Home / Berita/ Penghargaan Inovator Komunikasi Publik Inspiratif Plt Bupati Muara Enim Dipertanyakan oleh Mantan Ketua PWI Muara Enim

Penghargaan Inovator Komunikasi Publik Inspiratif Plt Bupati Muara Enim Dipertanyakan oleh Mantan Ketua PWI Muara Enim

Muara Enim, inilahmuaraenim.co.id – PLT Bupati Muara Enim menerima penghargaan “Inovator Komunikasi

Editor: Kilasan
10 September 2026
21:01 WIB

Muara Enim, inilahmuaraenim.co.id – PLT Bupati Muara Enim menerima penghargaan “Inovator Komunikasi Publik Inspiratif” oleh Kelik.com pada Rabu, 9 September 2026 di Surabaya, namun penghargaan ini memunculkan kritik dari kalangan wartawan di Kabupaten Muara Enim, karena penghargaan ini dinilai tidak Selaras dengan Kondisi di Lapangan.

Penghargaan itu diserahkan langsung oleh founder ketik.com Kgs. Firdaus di Surabaya dan diterima oleh Plt Bupati Muara Enim Ir. Hj. Sumarni, M.Si, yang disaksikan oleh Gubernur Jawa Tengah Khofifah Indar Parawansa dan Ketua PWI Pusat Akhmad Munir.

Namun, sejumlah jurnalis yang bertugas di Muara Enim mempertanyakan kelayakan penghargaan tersebut. Hal itu disampaikan Andi Candra, SE, yang merupakan wartawan Muara Enim sekaligus mantan Ketua Persatuan Wartawan Indonesia (PWI) Kabupaten Muara Enim.

“Secara pribadi saya mempertanyakan dasar pemberian penghargaan ini. Selama ini komunikasi Plt Bupati Muara Enim dengan wartawan yang ada di Muara Enim sangat tidak harmonis. Kesannya pilih-pilih wartawan saat jadi narasumber dan sangat sulit sekali diwawancarai,” ujar Andi Candra kepada awak media, Jum’at 10 September 2026.

Menurut Andi, fungsi komunikasi publik seorang kepala daerah seharusnya terbuka untuk semua media, bukan hanya media tertentu. “Kalau dibilang inovatif dan inspiratif dalam komunikasi publik, mestinya bisa ditemui, ditelepon, dan merespon semua wartawan.

Faktanya, kami di Muara Enim justru sering kesulitan konfirmasi. Ini yang membuat kami bertanya-tanya,” lanjutnya. Andi menambahkan, penghargaan dari lembaga eksternal seharusnya mencerminkan kondisi nyata di lapangan. Jika tidak, dikhawatirkan penghargaan hanya menjadi seremonial tanpa mengukur praktik komunikasi yang sebenarnya.

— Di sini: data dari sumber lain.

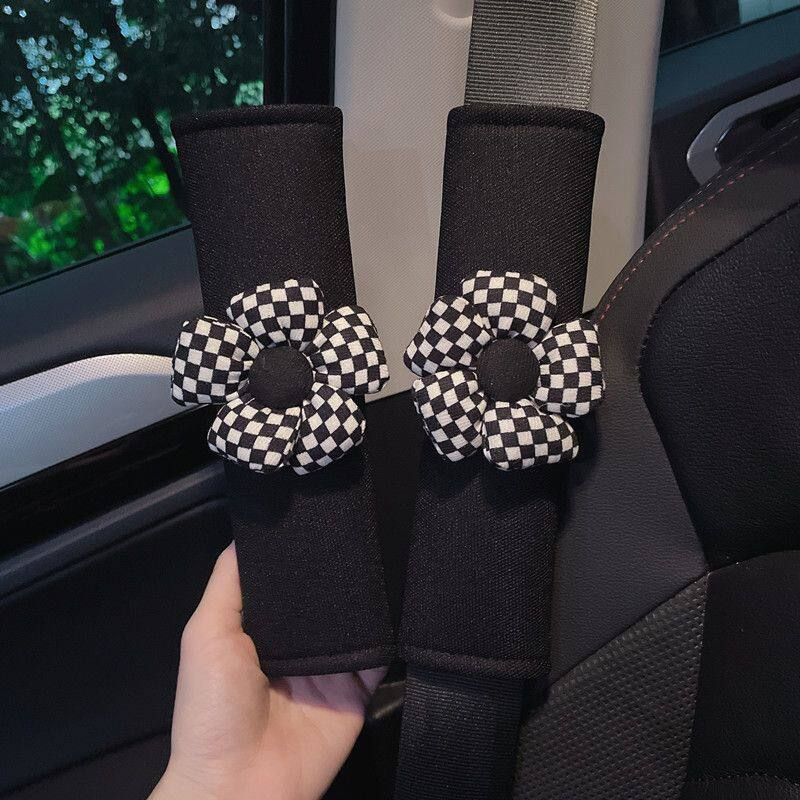 German High-End Car Seatbelt Shoulder Pads, a Pair of Anti-Neck-Strangling Plush Soft Car Interior Accessories, Creative and Cute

Mengutif pernyataan dari Plt Bupati Muara Enim di Media sosial (Humas Muara Enim) dan RadioSuara Muara Enim “prestasi ini diberikan berkat keaktifan Pemkab Muara Enim dalam membuka ruang interaksi, menyampaikan informasi pelayanan publik secara informatif, serta memanfaatkan media sosial secara produktif. “Kolaborasi antara pemerintah, media, dan masyarakat adalah kunci untuk menyerap aspirasi dan membangun kepercayaan di era digital.”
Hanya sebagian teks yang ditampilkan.